▸ Assigned task: Start at the line with "Plug <br>QuickFind: 1228" and print every line through the end of the material below. Keep it exact and free of pictures.

▸ Input data:
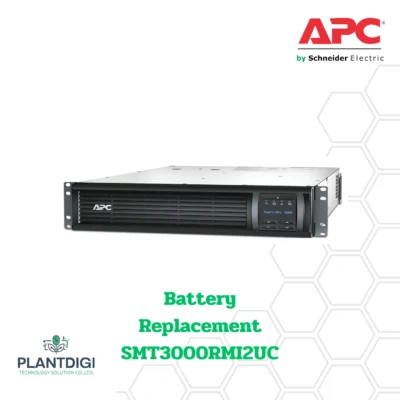 เปลี่ยนแบตเตอรี่ SMT3000RMI2U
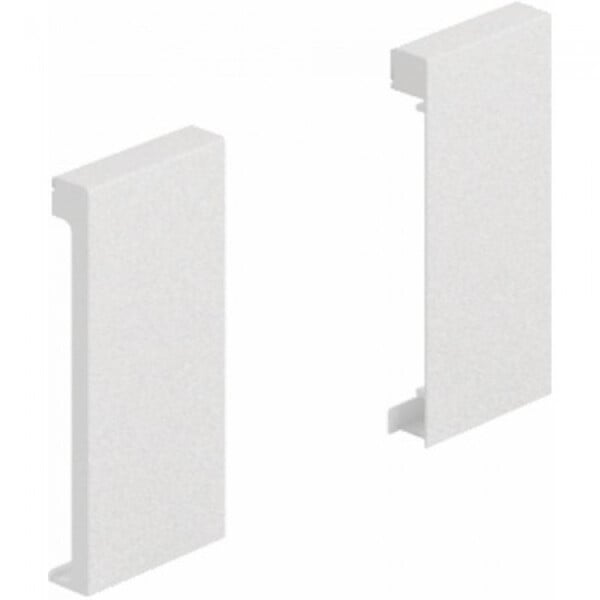 HETTICH - Raccord HETTICH Arcitech pour façade Blanc - 126 mm - 9123087 - large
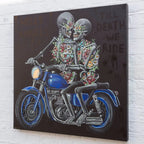 Hells Angels - Original by artist Becky Smith - Wyecliffe Galleries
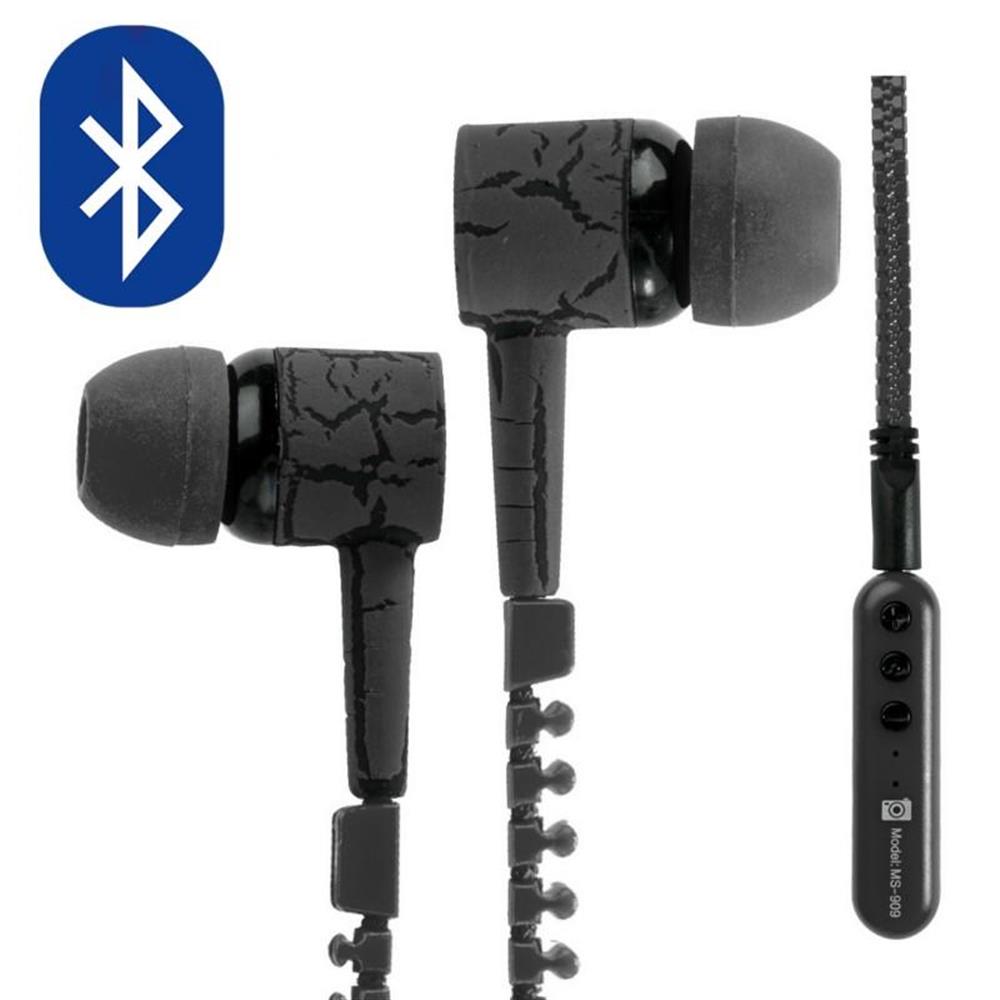 Audifonos Manos Libres Cremallera Receptor Bluetooth 4 img #1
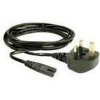 Newlink  2.0 Metres Figure 8 Power Cable UK Plug <br>QuickFind: 1228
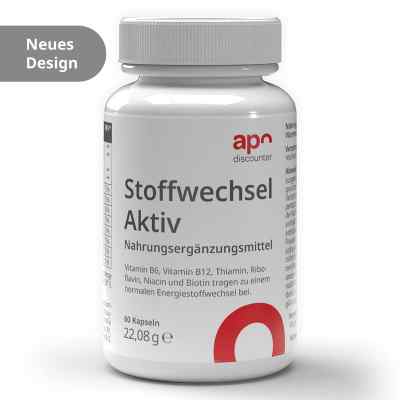 Stoffwechsel Aktiv Kapseln von apodiscounter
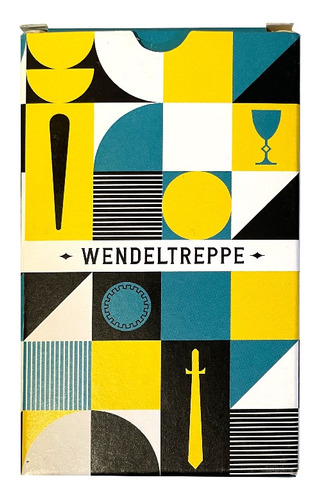 Cartas Españolas Diseño Wendeltreppe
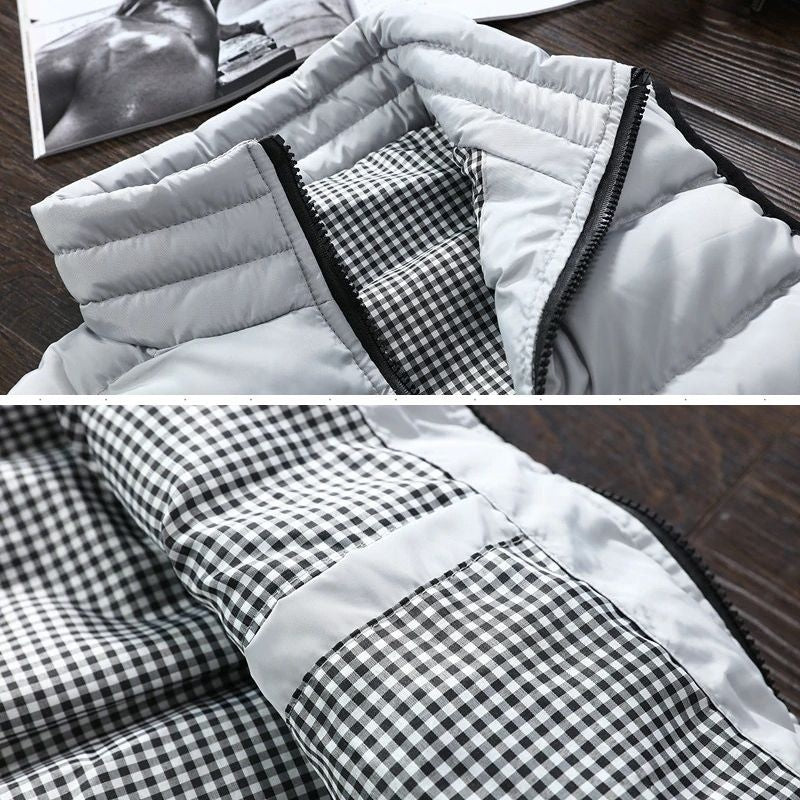 Wasserabweisende & Gefütterte Herren-Weste mit Stehkragen – Henrik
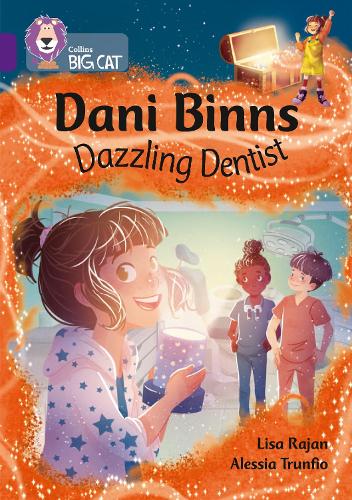 Бумажная книга «Dani Binns: Dazzling Dentist: Band 08/Purple», автор Лиза Раджан - фото №1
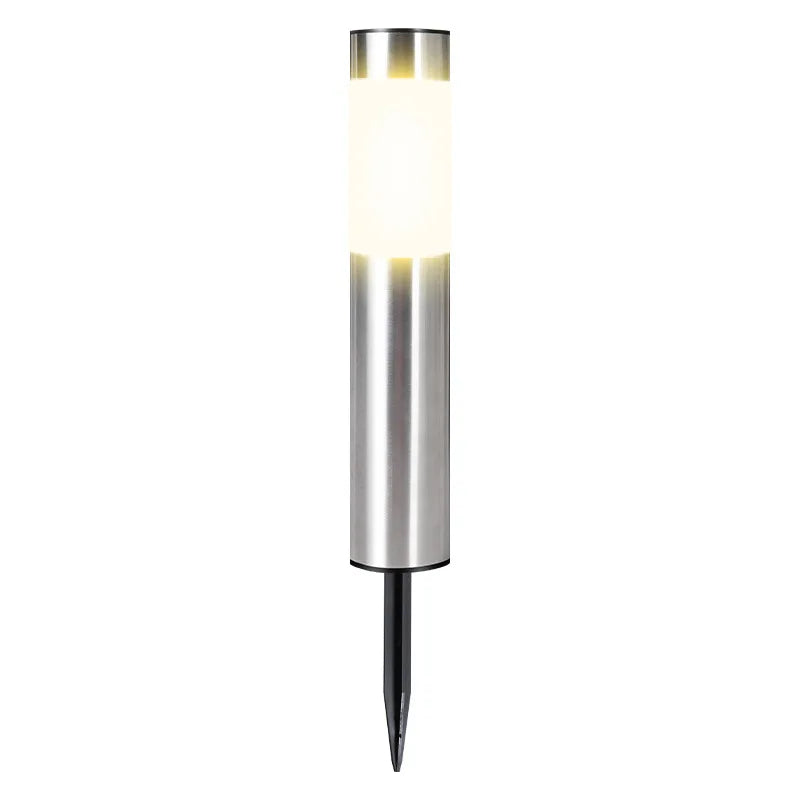 Solar Pathway Lights – Ground Plug LED Bollard
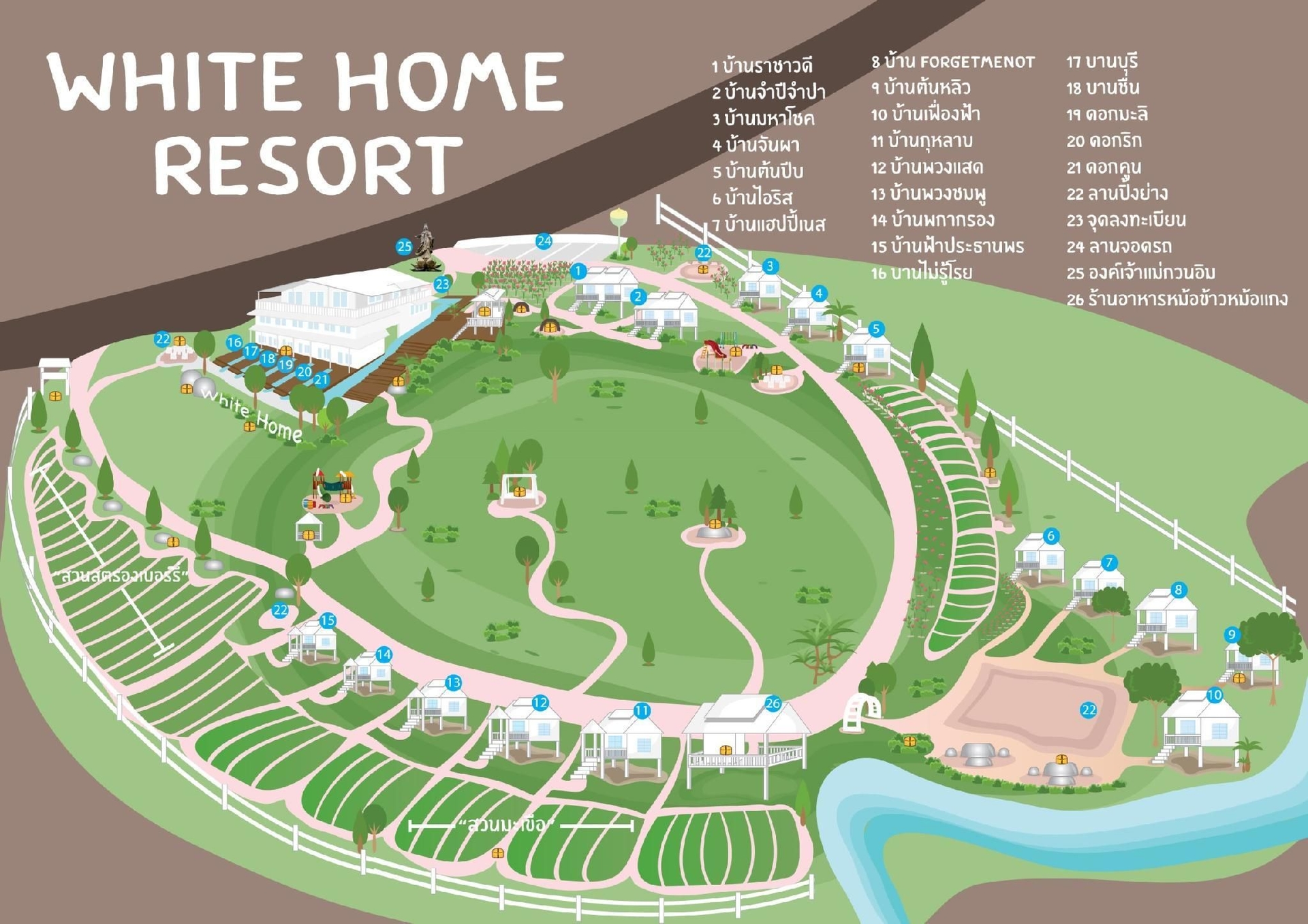 เขาค้อ ไวต์โฮม รีสอร์ต (Khaokor Whitehome Resort)4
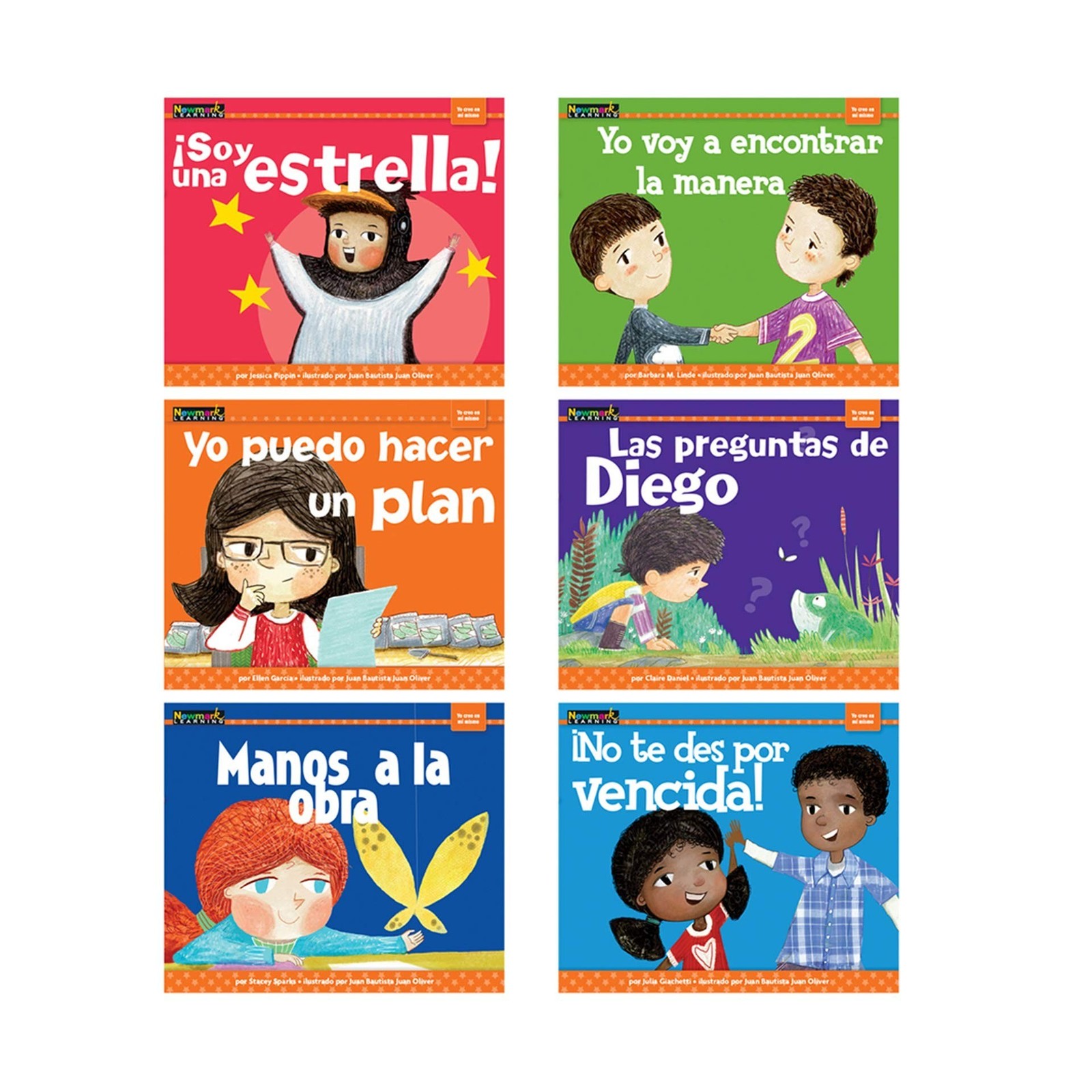Newmark Learning Spanish Readers Set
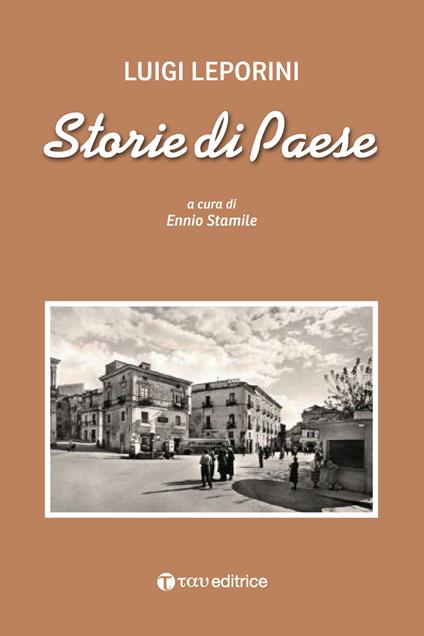 Storie di paese - Luigi Leporini - copertina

▸ Written reply:
 Newlink  2.0 Metres Figure 8 Power Cable UK Plug <br>QuickFind: 1228
 Stoffwechsel Aktiv Kapseln von apodiscounter
 Cartas Españolas Diseño Wendeltreppe
 Wasserabweisende & Gefütterte Herren-Weste mit Stehkragen – Henrik
 Бумажная книга «Dani Binns: Dazzling Dentist: Band 08/Purple», автор Лиза Раджан - фото №1
 Solar Pathway Lights – Ground Plug LED Bollard
 เขาค้อ ไวต์โฮม รีสอร์ต (Khaokor Whitehome Resort)4
Newmark Learning Spanish Readers Set
 Storie di paese - Luigi Leporini - copertina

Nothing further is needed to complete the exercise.